UKRI funding for innovative battery manufacturing projects destined to secure the future of electric vehicles
30 Jan 2023
CPI will share £27.6 million in funding from UK Research and Innovation’s Faraday Battery Challenge to deliver the next generation of batteries for electric vehicles.
We’re a key partner in three projects awarded UKRI funding to enable UK competitiveness across the battery value chain. Through close collaboration with our partners on these projects, we are supporting the development and scale-up of pioneering battery technologies, overcoming the limitations of conventional batteries and traditional manufacturing methods.
As an innovation catalyst, we’re committed to developing the UK as a battery technology hub and enabling a strong national supply chain. Our involvement in these projects will improve battery performance and sustainability, reduce costs, and develop more efficient and globally competitive manufacturing processes.
The CONSTELLATION project aims to use AI and automation to optimise the performance of battery cells for the electric vehicle (EV) market. This 2‑year project will drive already advanced battery technology towards full commercialisation.
In collaboration with our partners Addionics, James Durrans Group, and the University of Warwick, we’re driving improvements to the manufacturing efficiency, performance, and environmental profile of lithium-ion cells.
CONSTELLATION will involve using AI to design improvements in novel current collectors and utilise robotic automation to add coatings to customised electrodes. By creating a “drop-in” solution for existing gigafactories, the project aims to deliver a streamlined supply and manufacture of electrodes, leading to cheaper EVs for car buyers.
This is a strong consortium with first-class expertise and world-renowned industrial experience to support innovation in propulsion battery technologies for EVs.
We are working with solid-state battery (SSB) pioneer Ilika Technologies Ltd – alongside several other UK-based partners, including BMW Motorsport Ltd – to integrate high silicon content electrodes into batteries suitable for EVs.

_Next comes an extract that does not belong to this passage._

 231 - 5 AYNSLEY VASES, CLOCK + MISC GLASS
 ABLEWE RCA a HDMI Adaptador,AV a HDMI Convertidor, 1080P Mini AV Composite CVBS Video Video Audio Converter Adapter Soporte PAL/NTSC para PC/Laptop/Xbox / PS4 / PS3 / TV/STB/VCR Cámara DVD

The HISTORY project aims to model, characterise, and deliver an automotive SSB that delivers improved safety compared to conventional lithium-ion batteries, thanks to the solid electrolyte. SSBs are also expected to deliver higher performance due to having a higher cell-to-pack ratio, being lighter, having higher energy and power density, and offering extended range and fast charging.

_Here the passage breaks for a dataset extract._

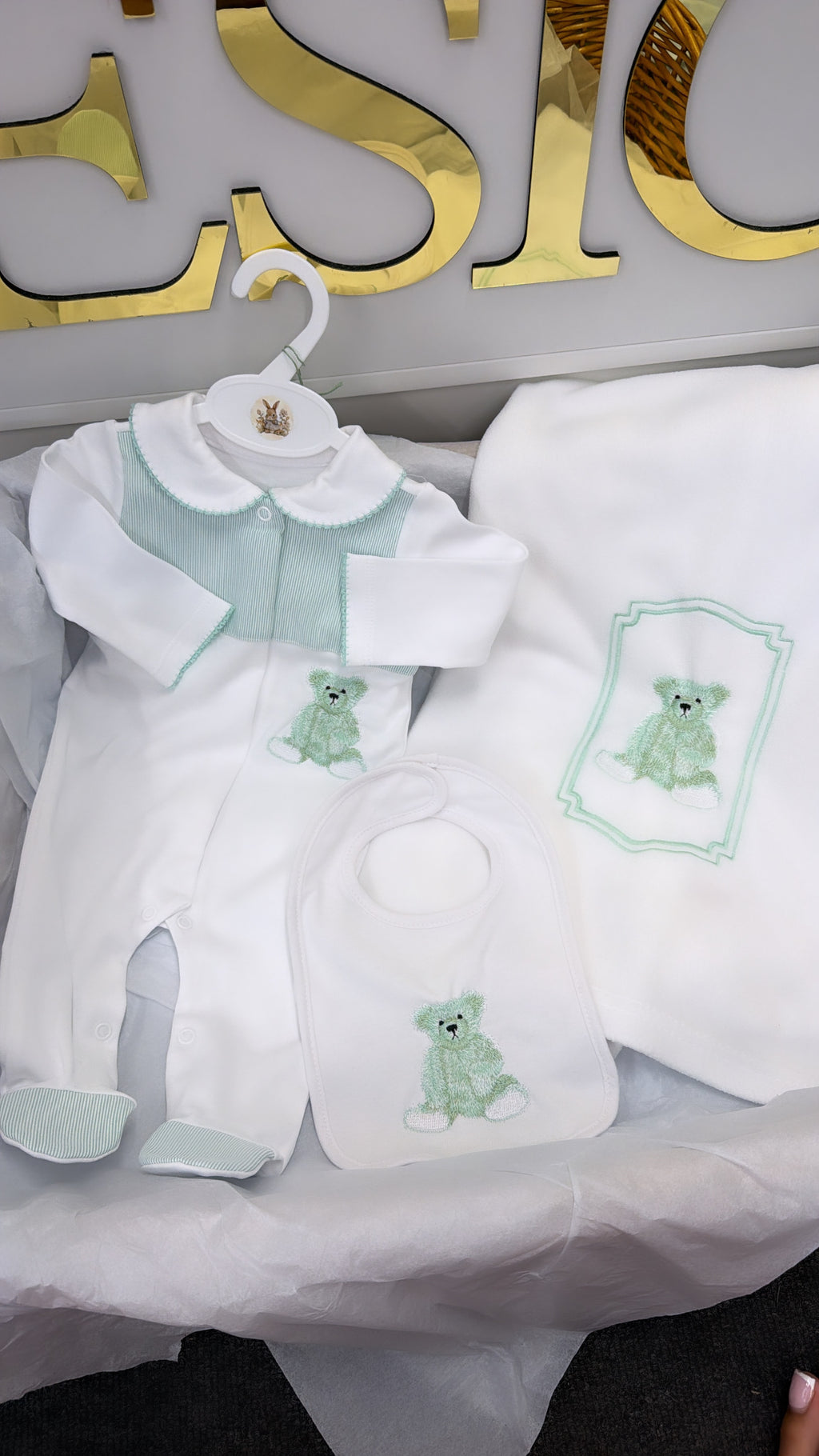 Mint green bear babygrow&bib (blanket sold separately)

We’ll contribute our expertise in printable electronics, by formulating inks with silicon powders. The HISTORY project will include a detailed lifecycle analysis focusing on minimising environmental impact and enabling recovery, re-use and recycling of EV batteries.
We’re also a key partner in a third project funded by the Faraday Battery Challenge. TECHNO seeks to extend optimum EV battery performance by developing an intelligent, first-of-its-kind control module that keeps cells at the best operating temperature.

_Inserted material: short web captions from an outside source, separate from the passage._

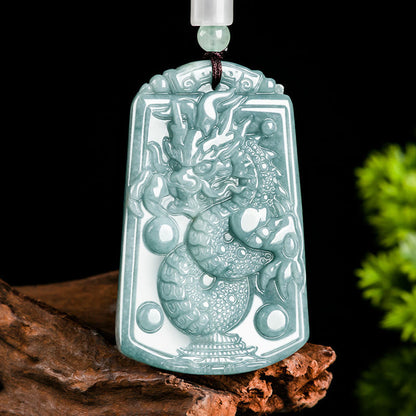 Mythstone Year Of The Dragon Chinese Zodiac Dragon Travels The World Jade Strength Necklace Pendant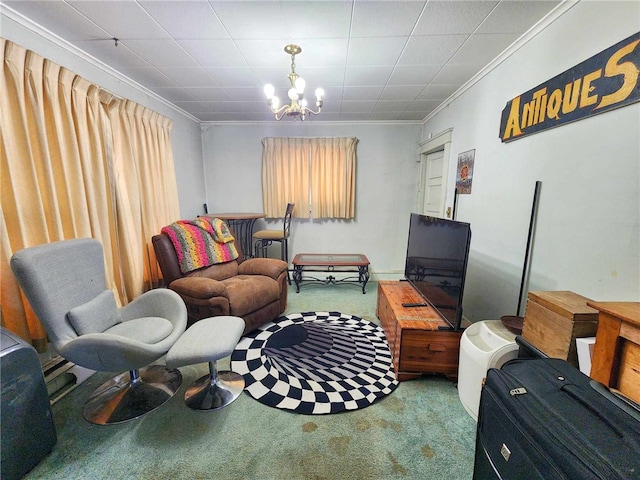 living room featuring a notable chandelier, carpet, and ornamental molding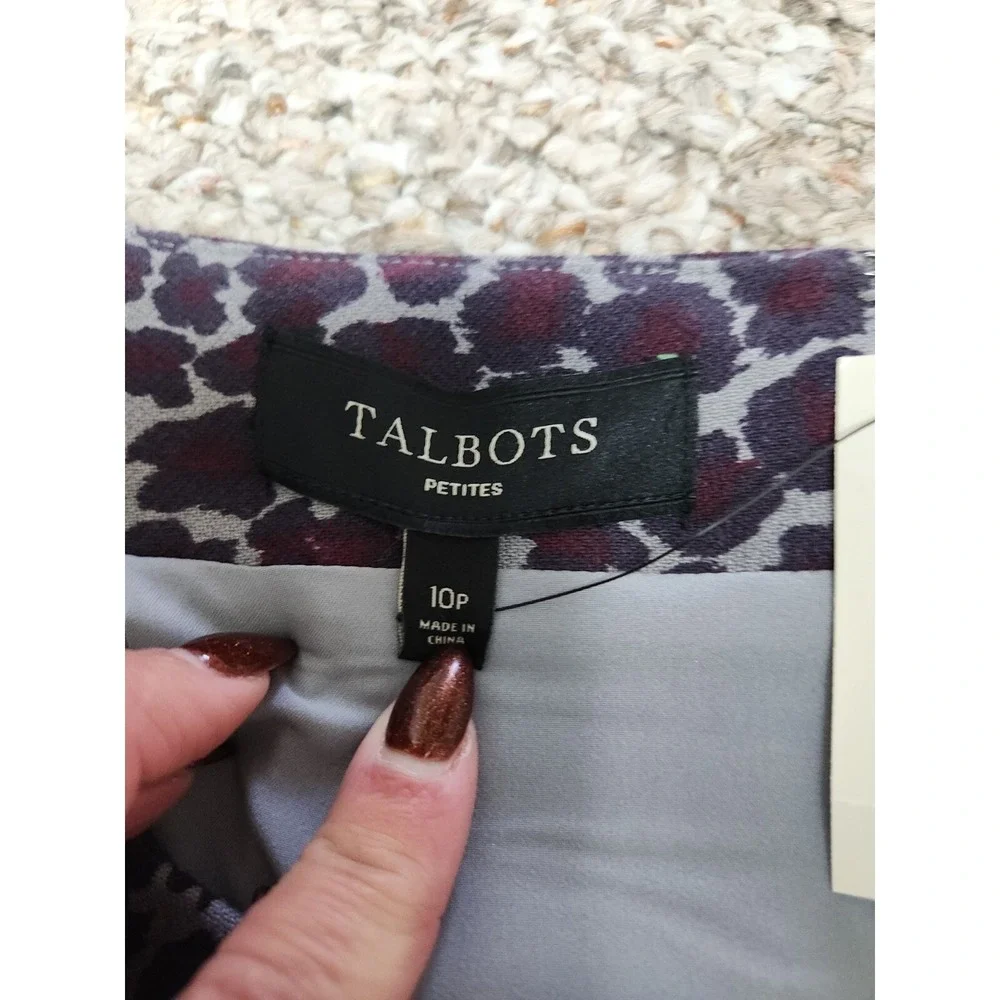 Talbots 10p Purple Leopard Print Pencil Skirt‎ Stretch 32x22 NWT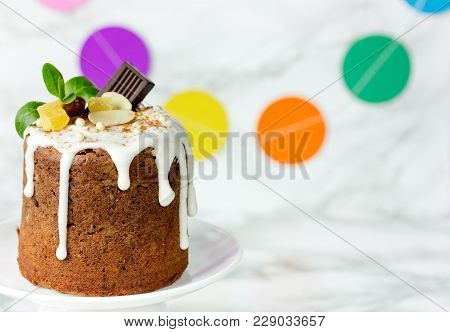 Easter Bread Kulich Paska, Traditional Easter Food Composition
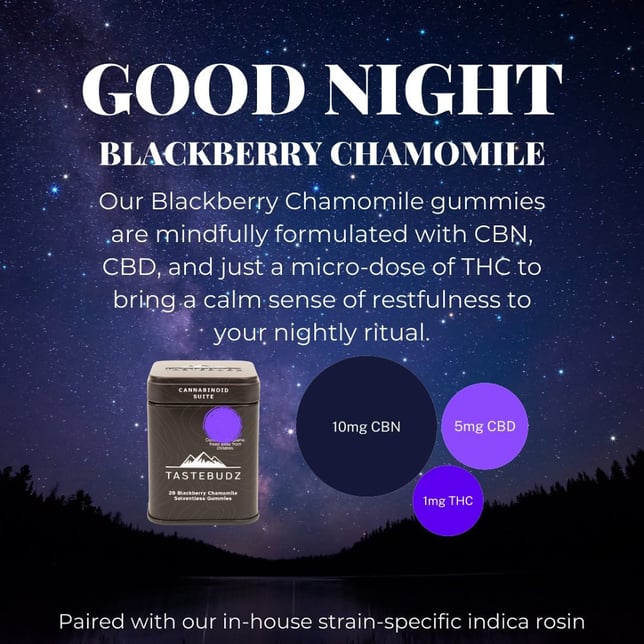 Blackberry Chamomile Rosin Gummies | CBN | CBD | THC | (200mg CBN/100mg CBD/20mg THC) - Image 1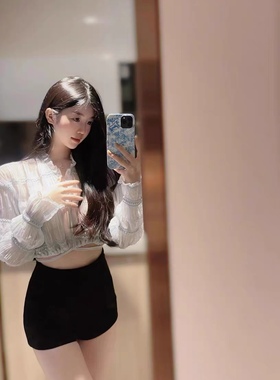 薄如蝉翼冷清透视春夏小众设计淡蓝色短款绑带纯欲上衣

Working with PST Sensors Europe Ltd, P.A.K Engineering Ltd, and the University of Nottingham on this project, we’re helping meet the demands of battery and battery management system manufacturers.
Tony Jackson, our Director of Formulation, said:
“We are very pleased to have been awarded Round 5 funding in the Faraday Battery Challenge, being part of three projects that ultimately will help accelerate the next generation of battery materials and support innovation in propulsion battery technologies for electric vehicles in the UK.”
Farid Tariq, CTO and Co-founder of Addionics, said:
“We are excited because CONSTELLATION provides a strong integration of our technology with world leaders in coating and fabrication, and active material fabrication (WMG, CPI, James Durran) that can show how our very smartly designed and structured current collectors can fit into a viable battery ecosystem and provide benefits from our technology. This is readily transferable knowledge and will push the creation of new methods to overcome modern limitations of batteries and fabrication.”
Mark Copley, Chief Engineer in WMG at the University of Warwick’s Electrochemical Materials and Manufacturing team, said:
“WMG is delighted to be a partner in the CONSTELLATION consortium. Utilising our experience in scaling up new technologies, from lab to pilot line, we feel that we will be able to further the development of Addionics’ current collector technology whilst coupling in Durrans’ graphite and formulation developments, as derived by CPI.”
Graeme Purdy, Ilika CEO, said:
“HISTORY will see the delivery of an automotive cell, defined by the industry as a minimum viable product, to enable us to move quickly into an industrial SSB pack and Battery Management System programme. This is an exceptionally strong consortium with first-class expertise and world-renowned industrial experience and will ensure the UK continues to develop technology for the rapidly emerging SSB market.”
Georg Steinhoff, Head of R&D at BMW Motorsport Ltd, said:
“The development of all solid-state batteries is an important and promising long-term goal, to make future battery-electric vehicles even more sustainable and efficient. We are delighted to be part of Project HISTORY and to see the next developments in Ilika’s solid-state battery technology.”